Researchers Discovered VENOM Vulnerability

CrowdStrike researchers have discovered a buffer overflow vulnerability (VENOM) in the virtual floppy drive code used by many computer virtualization platforms that could allow attackers to escape from the confines of an affected virtual machine (VM) guest and obtain code-execution access to the host.
VENOM: VIRTUALIZED ENVIRONMENT NEGLECTED OPERATIONS MANIPULATION
“This VM escape could open access to the host system and all other VMs running on that host, potentially giving adversaries significant elevated access to the host’s local network and adjacent systems,” researchers said.
The VENOM vulnerability has existed since 2004, when the virtual Floppy Disk Controller was first added to the QEMU codebase.
“We suspect that there are millions of virtual machines around the world that are vulnerable,” said researcher Jason Geffner, who discovered the flaw.

AFFECTED PRODUCTS

Xen, KVM, native QEMU client and many other virtualization platforms and appliances are affected.
Xen and QEMU project have released updates to fix this vulnerability.

VULNERABILITY MITIGATION

Running Virtual Machine hypervisors in certain configurations will minimize or even completely eliminate the impact of this vulnerability.

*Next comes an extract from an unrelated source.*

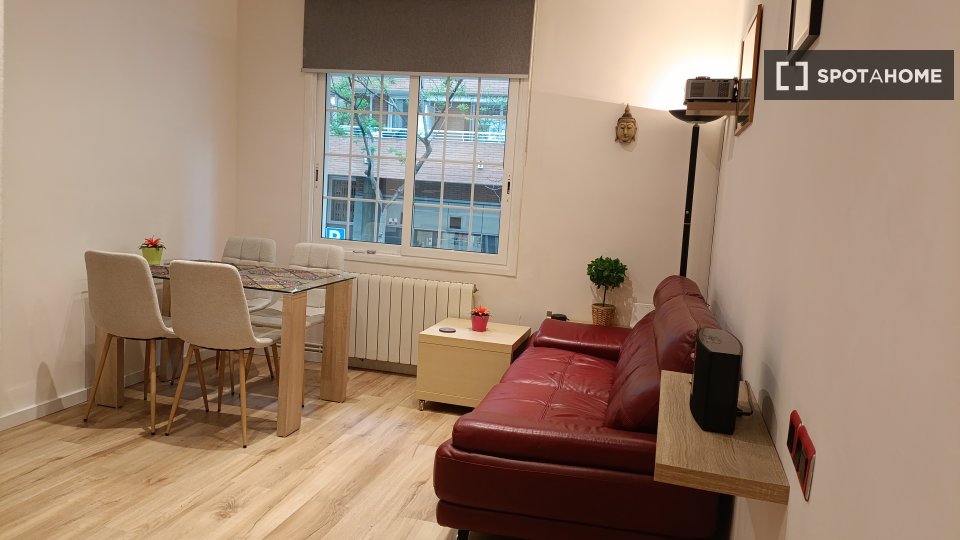 Apartment Barcelona, 2 beds, 60m² — photo 1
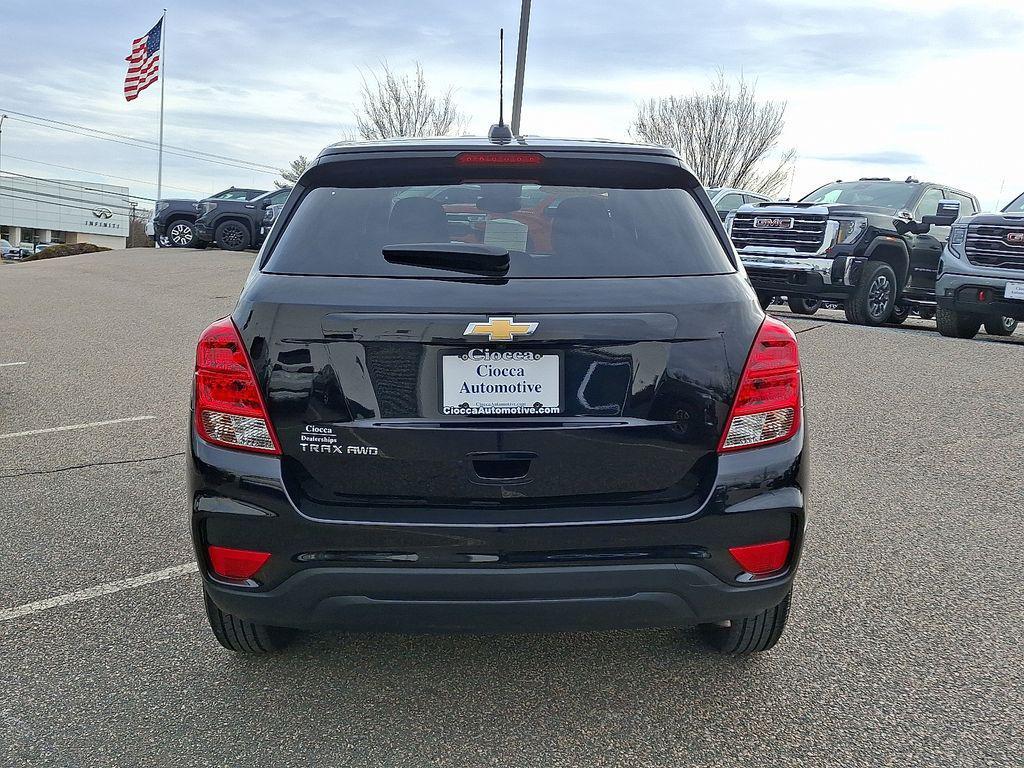 used 2022 Chevrolet Trax car, priced at $15,800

You can use the following configurations:
  • Xen systems running x86 paravirtualized guests are not vulnerable to this exploit.
  • ARM systems are not vulnerable.
  • Enabling stub-domains will mitigate this issue, by reducing the escalation to only those privileges accorded to the service domain. qemu-dm stub-domains are only available with the traditional “qemu-xen” version.
System administrators are advised to apply the latest patches developed to address this vulnerability.